Apache has discovered that natural fractures inside the rock can positively affect the flow patterns of oil and gas through the shale. Fracture stages associated with these natural fractures, which in some cases run for just 2 or 3 ft, contribute significantly to production. “We’ve done core samples and you can see that the fractures are open,” said Polasek, who added that he has not seen natural fractures like that of the Cline in any other Permian formation. If long enough, the natural fractures can transfer, or communicate, hydrocarbons from one area in the rock to another. And while some of Apache’s best Cline wells are related to these natural fractures, what they give they can also take away by accelerating the depletion rate of other wells, forcing operators to rethink how close horizontal wells should be to each other. When offset wells are drilled next to completed and producing wells, “which may be 6 months to a year later, they don’t come on as strong,” Polasek said. “The wells are obviously communicating with one another.” In response, Apache will likely only drill a maximum of four horizontal wells per section in certain areas, instead of the five to six that its original development plans called for.

Midway through the learning curve, Apache is making significant reductions in well costs and zeroing in on the most productive areas to drill. At the outset, Apache’s average well cost up to USD 9 million to drill and complete. Since drilling those first experimental Cline wells in 2011, the company has brought its cost per well down by almost 28% to USD 6.5 million. Some of the savings came from a growing familiarity with the formation and improvements in operational efficiency that have lowered the number of days it takes to drill and complete each Cline well from 45 to 26 today. “Even though we are 2 years out, we are still learning. But the learning part isn’t necessarily about the geology, rather it is about maximizing your rate of return on this large resource asset,” Polasek said.

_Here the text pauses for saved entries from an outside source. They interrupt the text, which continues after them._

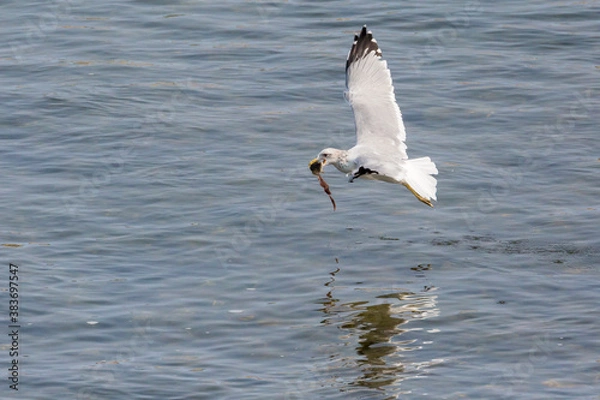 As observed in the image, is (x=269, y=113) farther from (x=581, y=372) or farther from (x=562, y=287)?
(x=581, y=372)

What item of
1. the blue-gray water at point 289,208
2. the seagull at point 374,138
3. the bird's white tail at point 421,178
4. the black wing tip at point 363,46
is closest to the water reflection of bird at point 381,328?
the blue-gray water at point 289,208

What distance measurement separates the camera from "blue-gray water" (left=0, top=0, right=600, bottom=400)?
917 cm

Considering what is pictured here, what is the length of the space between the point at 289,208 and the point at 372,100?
2.05 meters

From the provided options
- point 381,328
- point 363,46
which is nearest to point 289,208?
point 363,46

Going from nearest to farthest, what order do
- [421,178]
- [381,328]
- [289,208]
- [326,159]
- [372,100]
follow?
[381,328], [421,178], [326,159], [372,100], [289,208]

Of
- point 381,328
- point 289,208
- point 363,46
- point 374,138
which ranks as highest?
point 363,46

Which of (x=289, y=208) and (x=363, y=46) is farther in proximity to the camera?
(x=289, y=208)

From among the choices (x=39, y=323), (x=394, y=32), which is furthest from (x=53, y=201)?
(x=394, y=32)

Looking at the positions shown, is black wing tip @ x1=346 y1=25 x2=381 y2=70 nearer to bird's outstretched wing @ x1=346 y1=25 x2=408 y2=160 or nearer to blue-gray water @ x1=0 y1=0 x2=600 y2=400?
bird's outstretched wing @ x1=346 y1=25 x2=408 y2=160

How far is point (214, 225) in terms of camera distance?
1261 centimetres

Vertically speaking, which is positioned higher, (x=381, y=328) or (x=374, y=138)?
(x=374, y=138)

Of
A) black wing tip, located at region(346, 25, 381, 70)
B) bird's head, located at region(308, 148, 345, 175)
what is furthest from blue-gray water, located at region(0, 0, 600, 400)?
black wing tip, located at region(346, 25, 381, 70)

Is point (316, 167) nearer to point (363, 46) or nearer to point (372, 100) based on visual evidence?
point (372, 100)

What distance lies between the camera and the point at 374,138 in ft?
37.5
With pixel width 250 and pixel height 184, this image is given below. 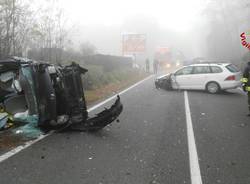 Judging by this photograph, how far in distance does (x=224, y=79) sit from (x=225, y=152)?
877cm

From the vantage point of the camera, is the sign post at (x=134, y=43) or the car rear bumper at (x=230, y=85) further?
the sign post at (x=134, y=43)

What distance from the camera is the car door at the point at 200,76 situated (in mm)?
13727

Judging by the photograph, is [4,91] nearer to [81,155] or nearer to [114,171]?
[81,155]

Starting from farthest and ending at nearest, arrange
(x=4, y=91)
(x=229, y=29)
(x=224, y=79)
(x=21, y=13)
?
(x=229, y=29) → (x=224, y=79) → (x=21, y=13) → (x=4, y=91)

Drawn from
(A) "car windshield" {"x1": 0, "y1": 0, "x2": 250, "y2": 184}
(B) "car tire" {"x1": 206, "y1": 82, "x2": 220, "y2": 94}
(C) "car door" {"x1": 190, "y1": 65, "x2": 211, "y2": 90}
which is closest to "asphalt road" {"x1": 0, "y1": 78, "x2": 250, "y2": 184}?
(A) "car windshield" {"x1": 0, "y1": 0, "x2": 250, "y2": 184}

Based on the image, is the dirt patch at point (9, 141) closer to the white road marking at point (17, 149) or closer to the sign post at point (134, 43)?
the white road marking at point (17, 149)

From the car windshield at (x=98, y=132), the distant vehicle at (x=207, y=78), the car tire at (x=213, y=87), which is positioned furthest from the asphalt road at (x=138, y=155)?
the car tire at (x=213, y=87)

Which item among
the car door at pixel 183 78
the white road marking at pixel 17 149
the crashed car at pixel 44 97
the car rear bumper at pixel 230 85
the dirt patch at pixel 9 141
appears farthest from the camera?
the car door at pixel 183 78

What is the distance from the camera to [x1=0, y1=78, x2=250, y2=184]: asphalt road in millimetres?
4004

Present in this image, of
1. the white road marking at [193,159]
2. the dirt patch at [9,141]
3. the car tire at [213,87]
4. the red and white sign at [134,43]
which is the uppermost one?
the red and white sign at [134,43]

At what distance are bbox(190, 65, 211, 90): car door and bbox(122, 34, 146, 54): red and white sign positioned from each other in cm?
2882

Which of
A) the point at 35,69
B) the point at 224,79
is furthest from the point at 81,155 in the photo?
the point at 224,79

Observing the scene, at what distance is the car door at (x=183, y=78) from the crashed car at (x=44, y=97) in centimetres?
862

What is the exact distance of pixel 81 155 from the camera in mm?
4902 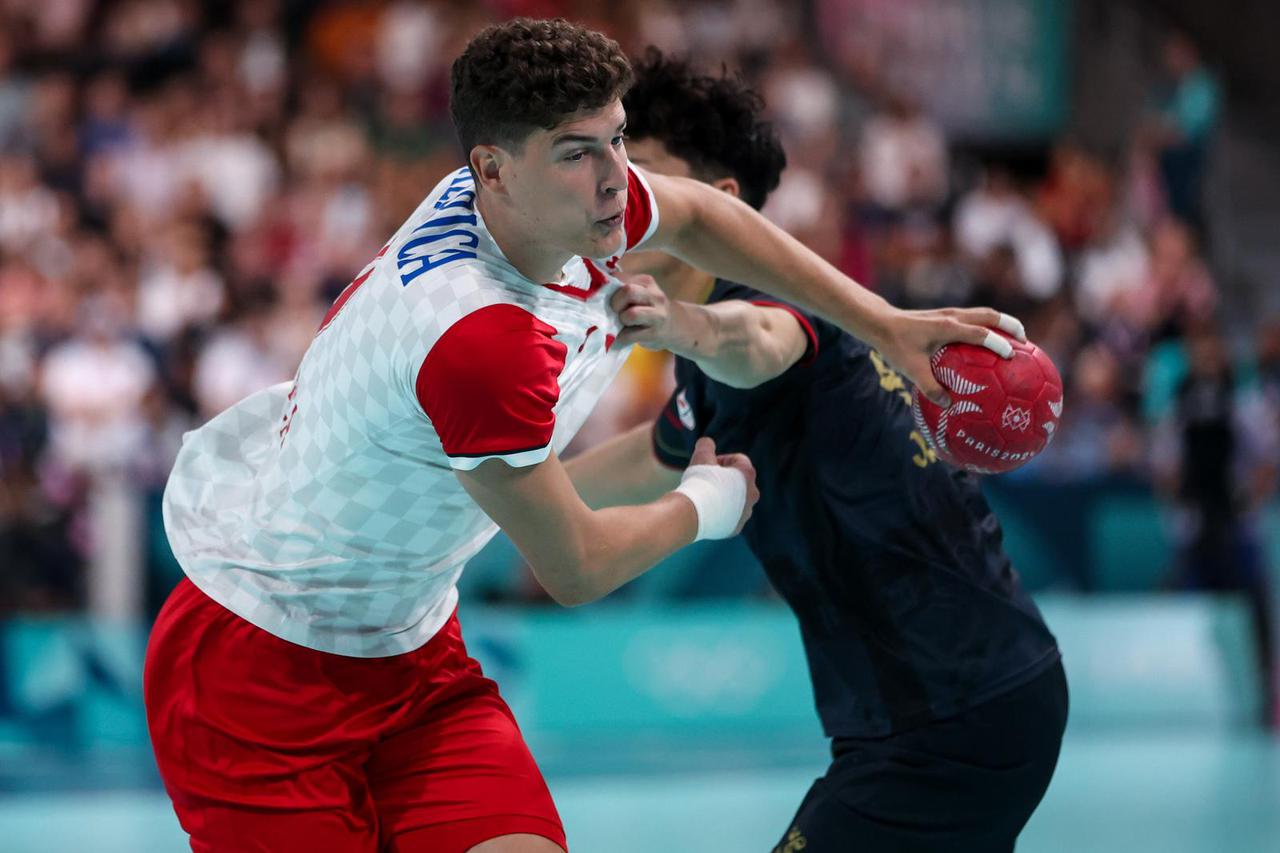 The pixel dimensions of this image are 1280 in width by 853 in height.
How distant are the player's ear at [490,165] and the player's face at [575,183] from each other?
3 centimetres

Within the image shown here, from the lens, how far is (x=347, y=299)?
Result: 3178mm

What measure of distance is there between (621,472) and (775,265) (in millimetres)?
895

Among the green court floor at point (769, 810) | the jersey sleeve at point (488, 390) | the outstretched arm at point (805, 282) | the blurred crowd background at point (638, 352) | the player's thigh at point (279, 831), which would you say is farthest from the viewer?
the blurred crowd background at point (638, 352)

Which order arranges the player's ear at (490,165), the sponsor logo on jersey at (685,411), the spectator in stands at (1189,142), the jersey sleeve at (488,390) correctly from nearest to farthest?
the jersey sleeve at (488,390), the player's ear at (490,165), the sponsor logo on jersey at (685,411), the spectator in stands at (1189,142)

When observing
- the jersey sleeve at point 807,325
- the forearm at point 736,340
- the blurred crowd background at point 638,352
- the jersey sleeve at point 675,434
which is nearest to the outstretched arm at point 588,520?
the forearm at point 736,340

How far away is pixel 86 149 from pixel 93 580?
13.5 feet

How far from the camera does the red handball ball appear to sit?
10.8 feet

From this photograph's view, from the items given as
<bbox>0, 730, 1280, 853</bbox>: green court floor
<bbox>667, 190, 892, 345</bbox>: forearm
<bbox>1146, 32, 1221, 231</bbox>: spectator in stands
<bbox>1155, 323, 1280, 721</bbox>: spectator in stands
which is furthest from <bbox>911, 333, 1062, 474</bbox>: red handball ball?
<bbox>1146, 32, 1221, 231</bbox>: spectator in stands

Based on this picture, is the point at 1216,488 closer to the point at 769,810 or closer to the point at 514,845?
the point at 769,810

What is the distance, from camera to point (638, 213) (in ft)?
10.7

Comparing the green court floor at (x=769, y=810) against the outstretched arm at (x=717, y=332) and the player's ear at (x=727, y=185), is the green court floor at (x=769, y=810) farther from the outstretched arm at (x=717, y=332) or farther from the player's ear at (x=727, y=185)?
the outstretched arm at (x=717, y=332)

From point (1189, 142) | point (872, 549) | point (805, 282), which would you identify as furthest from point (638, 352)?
point (805, 282)

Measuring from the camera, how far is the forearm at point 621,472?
13.2 ft

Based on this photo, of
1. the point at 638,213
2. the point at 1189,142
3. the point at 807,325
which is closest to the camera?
the point at 638,213
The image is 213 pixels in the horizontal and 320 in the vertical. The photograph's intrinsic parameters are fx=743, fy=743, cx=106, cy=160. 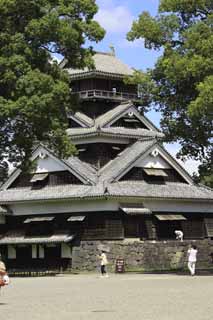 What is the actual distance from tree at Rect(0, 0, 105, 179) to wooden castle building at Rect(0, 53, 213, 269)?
1043cm

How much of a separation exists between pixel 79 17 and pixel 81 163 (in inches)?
645

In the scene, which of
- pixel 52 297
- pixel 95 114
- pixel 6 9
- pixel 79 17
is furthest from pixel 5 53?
pixel 95 114

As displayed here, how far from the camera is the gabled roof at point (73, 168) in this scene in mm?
48759

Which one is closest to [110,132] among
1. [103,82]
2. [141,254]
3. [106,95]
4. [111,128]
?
[111,128]

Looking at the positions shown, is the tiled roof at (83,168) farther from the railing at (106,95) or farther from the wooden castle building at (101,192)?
the railing at (106,95)

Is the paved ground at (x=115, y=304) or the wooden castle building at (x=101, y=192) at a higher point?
the wooden castle building at (x=101, y=192)

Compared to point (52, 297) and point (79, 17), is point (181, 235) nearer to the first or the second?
point (79, 17)

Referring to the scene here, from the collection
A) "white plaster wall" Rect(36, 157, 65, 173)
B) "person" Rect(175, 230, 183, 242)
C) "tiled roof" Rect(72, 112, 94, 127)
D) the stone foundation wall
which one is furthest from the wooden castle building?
"person" Rect(175, 230, 183, 242)

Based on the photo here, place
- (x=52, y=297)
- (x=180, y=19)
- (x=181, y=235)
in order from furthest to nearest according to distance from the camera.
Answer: (x=181, y=235)
(x=180, y=19)
(x=52, y=297)

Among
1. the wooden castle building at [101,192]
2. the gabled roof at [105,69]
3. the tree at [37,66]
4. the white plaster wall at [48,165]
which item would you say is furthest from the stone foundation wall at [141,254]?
the gabled roof at [105,69]

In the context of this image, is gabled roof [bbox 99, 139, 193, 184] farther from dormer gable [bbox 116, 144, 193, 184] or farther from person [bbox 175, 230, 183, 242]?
person [bbox 175, 230, 183, 242]

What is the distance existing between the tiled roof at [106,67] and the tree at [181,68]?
1743 centimetres

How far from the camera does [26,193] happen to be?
51.1m

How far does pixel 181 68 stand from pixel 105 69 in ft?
71.1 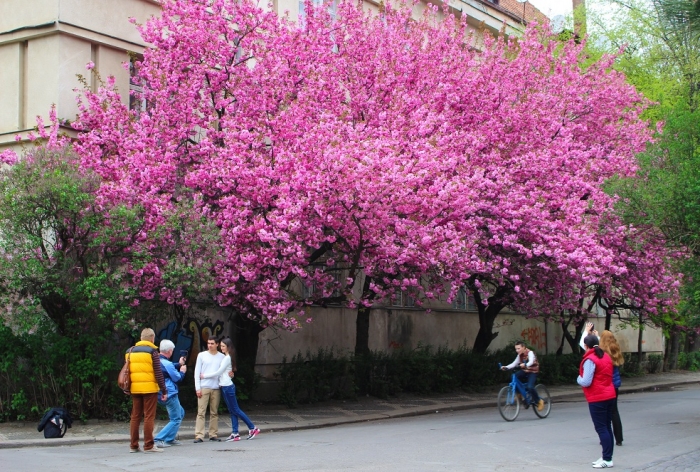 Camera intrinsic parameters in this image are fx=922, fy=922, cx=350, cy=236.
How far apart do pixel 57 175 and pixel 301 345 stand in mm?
10509

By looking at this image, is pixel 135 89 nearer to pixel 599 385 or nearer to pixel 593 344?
pixel 593 344

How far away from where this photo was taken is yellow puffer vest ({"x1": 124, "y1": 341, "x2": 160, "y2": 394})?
42.7ft

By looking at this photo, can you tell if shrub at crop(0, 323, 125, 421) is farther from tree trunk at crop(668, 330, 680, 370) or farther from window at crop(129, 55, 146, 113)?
tree trunk at crop(668, 330, 680, 370)

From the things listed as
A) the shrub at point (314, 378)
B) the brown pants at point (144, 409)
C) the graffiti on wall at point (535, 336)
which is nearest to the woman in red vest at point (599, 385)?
the brown pants at point (144, 409)

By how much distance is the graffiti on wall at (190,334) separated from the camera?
20484 mm

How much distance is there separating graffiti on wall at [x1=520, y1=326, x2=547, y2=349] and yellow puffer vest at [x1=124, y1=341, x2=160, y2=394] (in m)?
23.4

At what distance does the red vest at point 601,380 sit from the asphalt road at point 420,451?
90 cm

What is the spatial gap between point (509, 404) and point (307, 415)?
15.1ft

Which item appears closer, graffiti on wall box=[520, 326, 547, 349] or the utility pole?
the utility pole

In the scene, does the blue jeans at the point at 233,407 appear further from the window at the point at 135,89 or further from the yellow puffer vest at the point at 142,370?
the window at the point at 135,89

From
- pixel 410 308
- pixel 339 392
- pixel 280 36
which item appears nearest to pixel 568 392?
pixel 410 308

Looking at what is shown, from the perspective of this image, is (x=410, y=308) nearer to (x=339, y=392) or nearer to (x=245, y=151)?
(x=339, y=392)

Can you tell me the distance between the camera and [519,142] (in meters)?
22.5

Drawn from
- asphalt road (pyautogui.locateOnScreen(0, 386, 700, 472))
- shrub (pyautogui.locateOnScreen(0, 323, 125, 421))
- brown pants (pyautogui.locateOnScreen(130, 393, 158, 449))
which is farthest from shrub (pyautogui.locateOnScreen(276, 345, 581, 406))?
brown pants (pyautogui.locateOnScreen(130, 393, 158, 449)) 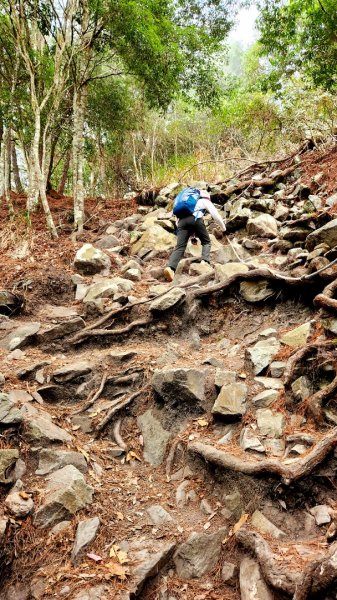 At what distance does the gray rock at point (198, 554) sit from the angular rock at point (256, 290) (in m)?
3.70

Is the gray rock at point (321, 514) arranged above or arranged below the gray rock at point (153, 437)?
above

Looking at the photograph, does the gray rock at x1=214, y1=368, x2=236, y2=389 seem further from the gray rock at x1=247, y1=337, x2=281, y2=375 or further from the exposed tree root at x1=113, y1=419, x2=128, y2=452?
the exposed tree root at x1=113, y1=419, x2=128, y2=452

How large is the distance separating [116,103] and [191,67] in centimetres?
450

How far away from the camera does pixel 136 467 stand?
4.59 metres

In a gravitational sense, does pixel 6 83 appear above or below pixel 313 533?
above

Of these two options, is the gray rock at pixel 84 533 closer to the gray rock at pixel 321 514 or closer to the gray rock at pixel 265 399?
the gray rock at pixel 321 514

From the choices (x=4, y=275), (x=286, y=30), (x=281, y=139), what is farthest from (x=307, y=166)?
(x=4, y=275)

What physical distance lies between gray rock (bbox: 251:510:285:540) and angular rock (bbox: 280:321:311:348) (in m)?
2.22

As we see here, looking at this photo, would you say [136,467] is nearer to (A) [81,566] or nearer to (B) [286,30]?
(A) [81,566]

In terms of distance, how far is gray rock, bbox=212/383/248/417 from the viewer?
4.54m

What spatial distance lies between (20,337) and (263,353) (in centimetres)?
395

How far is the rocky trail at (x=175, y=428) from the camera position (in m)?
3.27

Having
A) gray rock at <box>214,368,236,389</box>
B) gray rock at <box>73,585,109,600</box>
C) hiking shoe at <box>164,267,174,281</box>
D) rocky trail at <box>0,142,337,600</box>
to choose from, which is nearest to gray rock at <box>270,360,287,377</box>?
rocky trail at <box>0,142,337,600</box>

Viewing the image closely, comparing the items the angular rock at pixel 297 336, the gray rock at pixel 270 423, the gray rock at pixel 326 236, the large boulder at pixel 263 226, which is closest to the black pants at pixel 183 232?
the large boulder at pixel 263 226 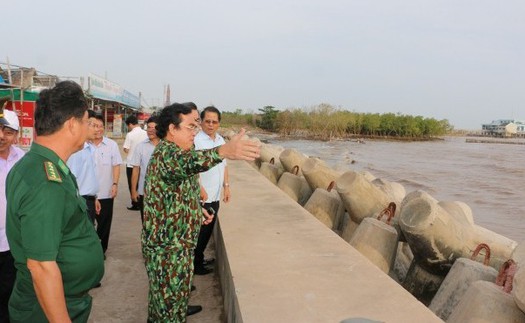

Stacked Completions and Pad Drilling

Holding leases on almost 140,000 acres in the Cline, Tulsa-based Laredo Petroleum is another early front-runner in the development of the play and drilled its first horizontal well in July 2010. As of August, the company said it had a total of 36 Cline wells. Laredo’s best horizontal Cline well was completed in early August with a lateral length of 6,933 ft, and based on 22 days of production, the well’s projected 30-day initial production rate was 1,331 BOEPD (Table 5). Based on its reservoir modeling, Laredo determined that drilling wells about 660 ft apart created the optimal “pressure interference” between wells to maximize long-term production. This spacing should allow for eight horizontal wells per each square mile section.

The Cline is not alone in the Permian Basin. Sitting on top of the Cline are several layers of younger source rock called the Wolfcamp shale, which is divided into three sections: upper, middle, and lower. Wells drilled in the Wolfcamp are cheaper than Cline wells and have a higher rate of return because the formation is shallower, contains a higher content of brittle rock, and on average, produces more hydrocarbons. Laredo’s cost to drill and Complete horizontal wells with 7,500-ft lateral sections in the Cline is USD 9 million, compared with Wolfcamp wells that cost between USD 7.8 million in the upper section and USD 8.5 million in the lower section with the same lateral length. Laredo’s goal is to reduce the cost of a Cline well to USD 8 million by next year.

Laredo is moving away from oneoff wells targeting just one pay zone and toward stacked completions in which horizontal wells are drilled from the same drill pad at different depths, with up to eight wellheads placed just 25 ft apart (Fig. 3). Stacked completions require pad drilling to provide a foundation to support the drilling of multiple wells from the same location, thereby reducing the time it takes to “rig up” and drill each well. To optimize pad drilling, Laredo is using so-called walking rigs that can move from one spot to another on the pad in just a few hours instead of 2 or 3 days for traditional rigs. Pad drilling also enables a completion technique known as a “zipper frac,” in which adjacent wells are fractured in sequence while one well maintains pressure as another is hydraulically fractured.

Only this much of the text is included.